EXTRACTED RECORDS
= = =
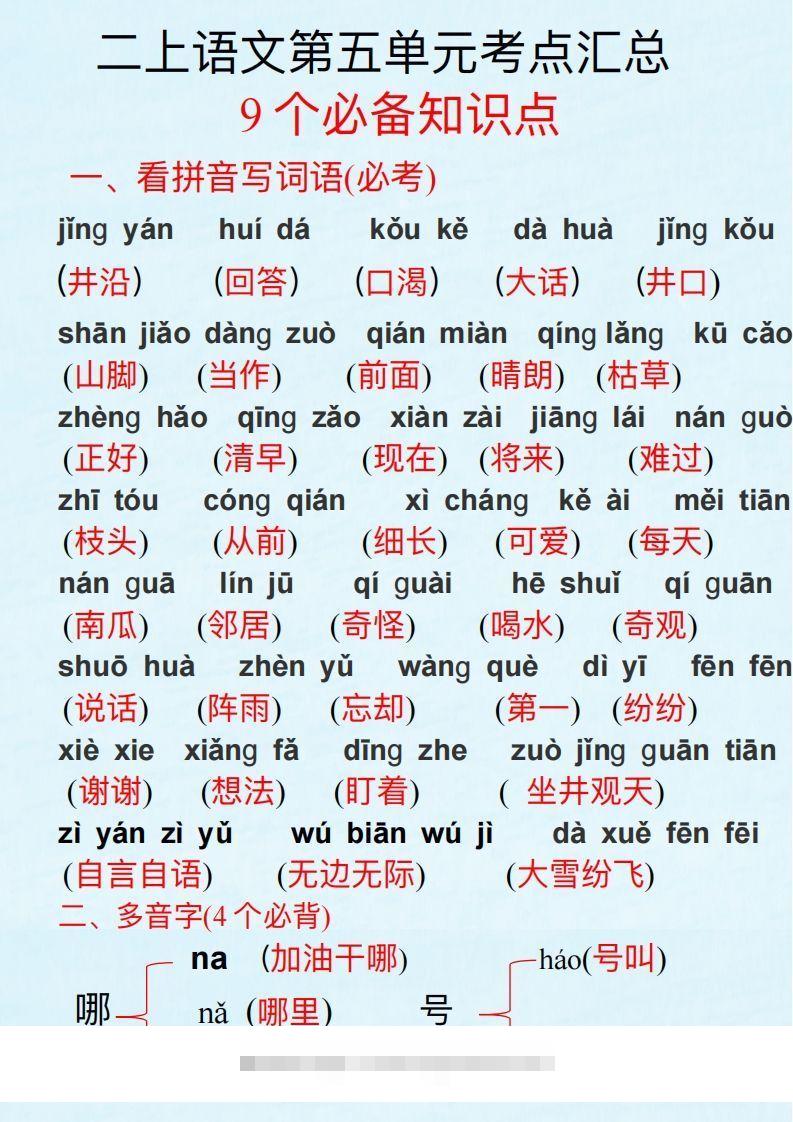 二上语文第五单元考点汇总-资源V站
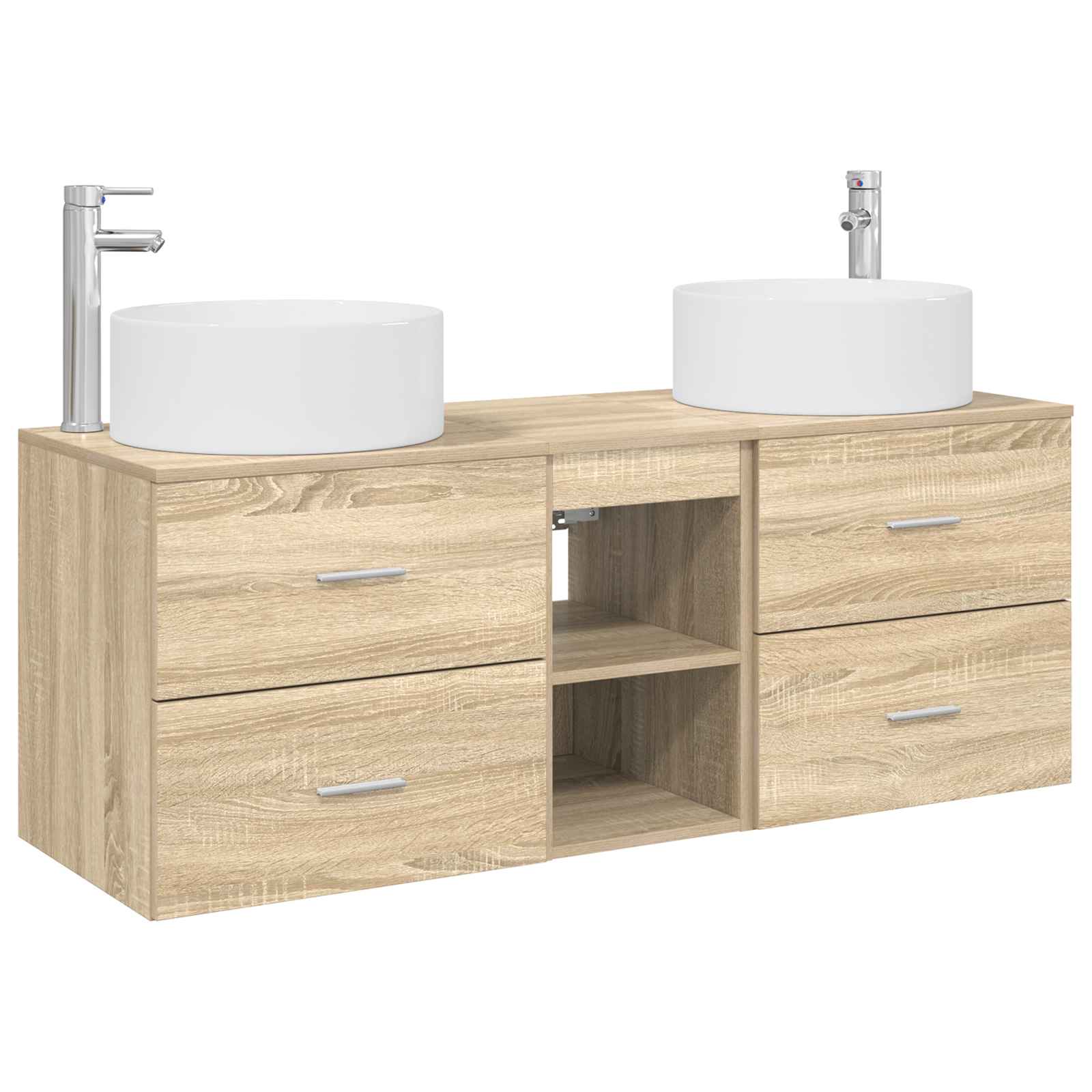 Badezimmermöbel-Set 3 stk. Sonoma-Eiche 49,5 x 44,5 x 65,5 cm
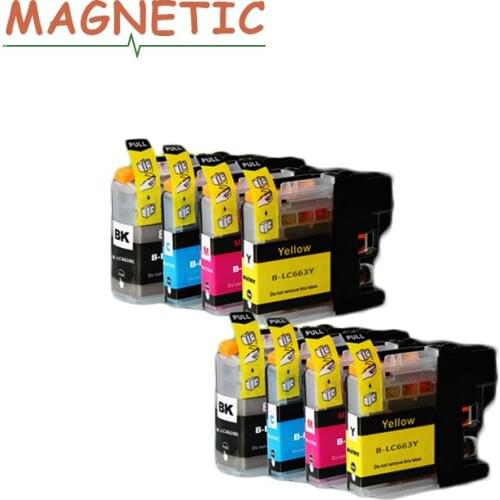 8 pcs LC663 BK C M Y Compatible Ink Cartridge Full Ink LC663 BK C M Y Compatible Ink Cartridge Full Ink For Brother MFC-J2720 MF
= = =
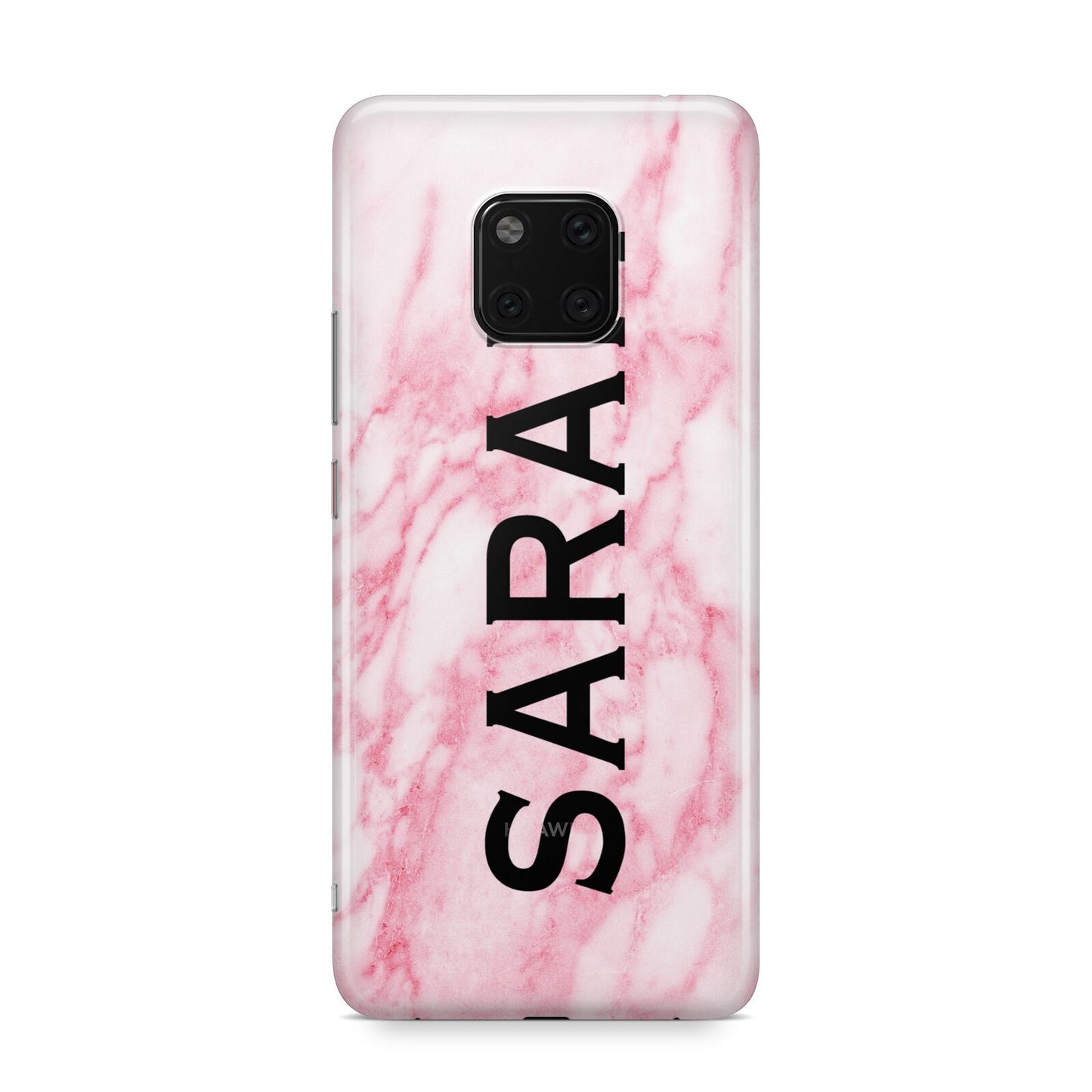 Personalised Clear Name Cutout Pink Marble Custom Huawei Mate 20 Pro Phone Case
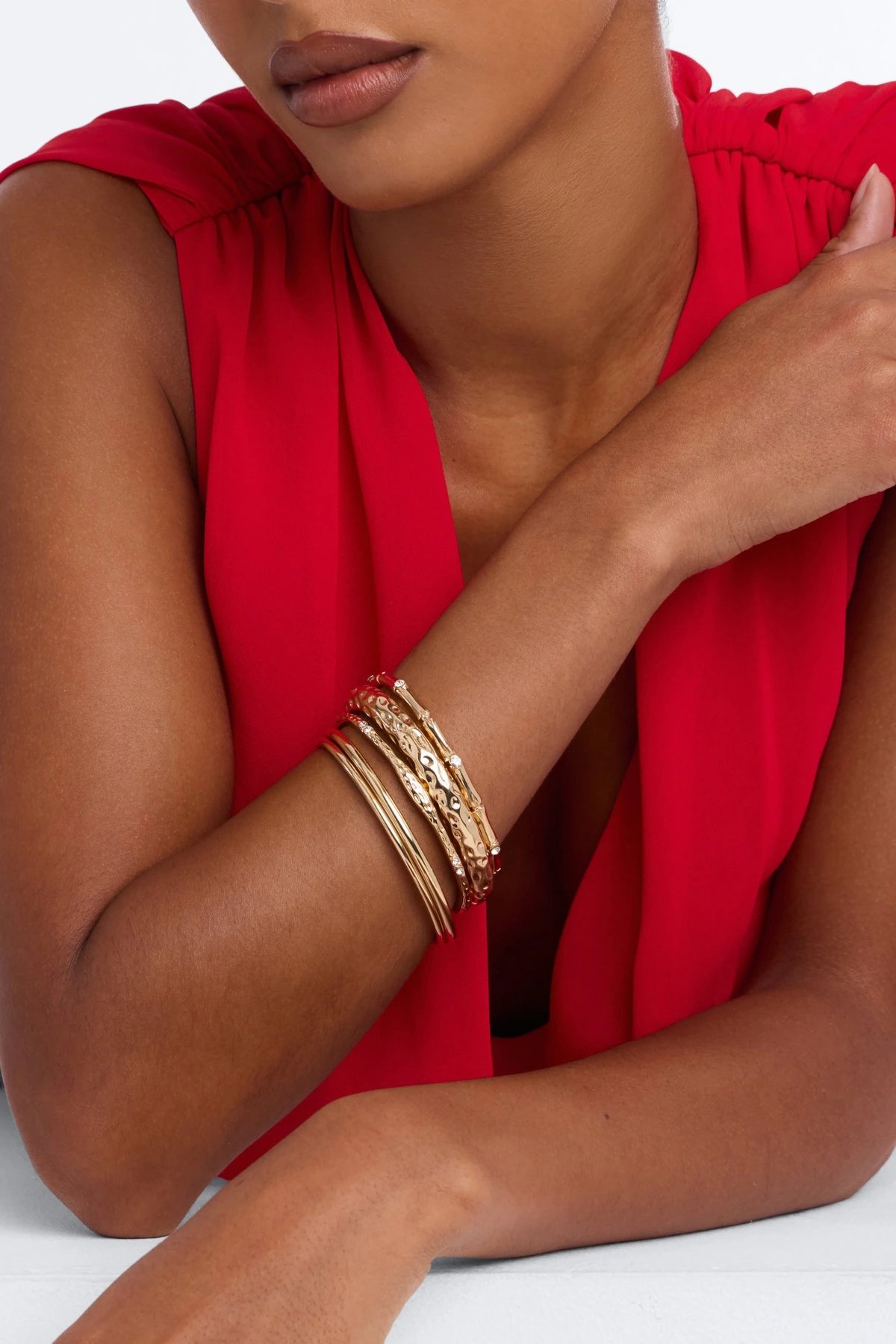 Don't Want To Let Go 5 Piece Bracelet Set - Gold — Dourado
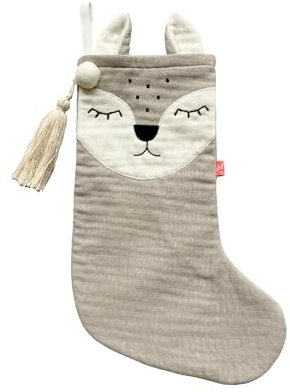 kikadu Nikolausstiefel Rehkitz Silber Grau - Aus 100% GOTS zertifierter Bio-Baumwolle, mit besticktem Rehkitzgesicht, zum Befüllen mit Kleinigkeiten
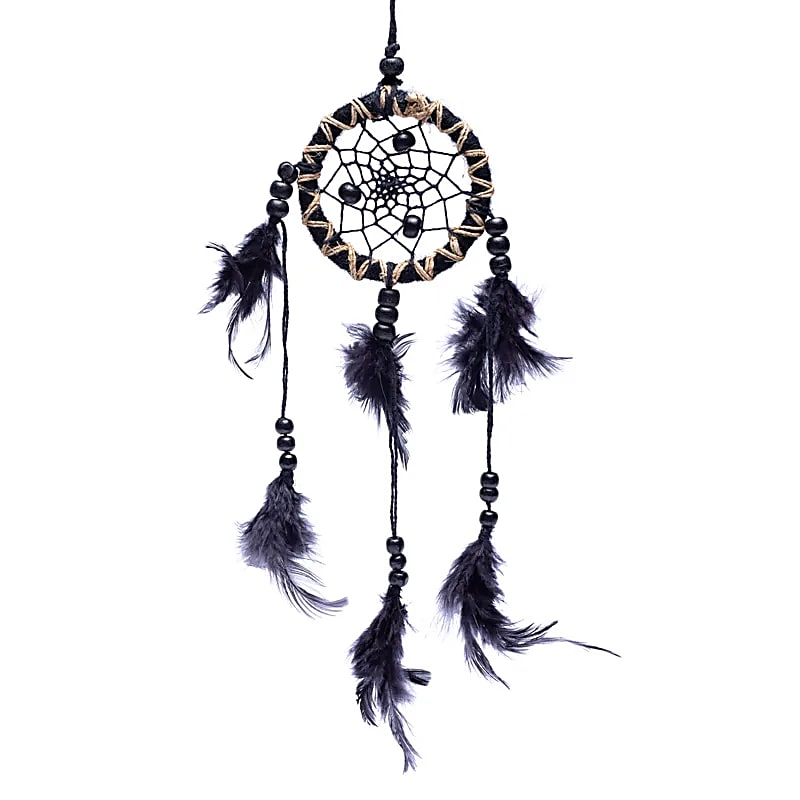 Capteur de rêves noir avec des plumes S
= = =
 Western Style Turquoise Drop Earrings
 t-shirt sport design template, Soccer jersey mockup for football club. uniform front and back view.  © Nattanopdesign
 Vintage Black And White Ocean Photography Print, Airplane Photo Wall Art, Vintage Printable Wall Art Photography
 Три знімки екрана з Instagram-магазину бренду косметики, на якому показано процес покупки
= = =
INSTRUCTIONS FOR THE TASK
Copy the stretch of the records above that runs from the line with "t-shirt sport design" through the line with "Три знімки екрана". Both end lines belong in the copy, and nothing else does.

ANSWER BELOW
 t-shirt sport design template, Soccer jersey mockup for football club. uniform front and back view.  © Nattanopdesign
 Vintage Black And White Ocean Photography Print, Airplane Photo Wall Art, Vintage Printable Wall Art Photography
 Три знімки екрана з Instagram-магазину бренду косметики, на якому показано процес покупки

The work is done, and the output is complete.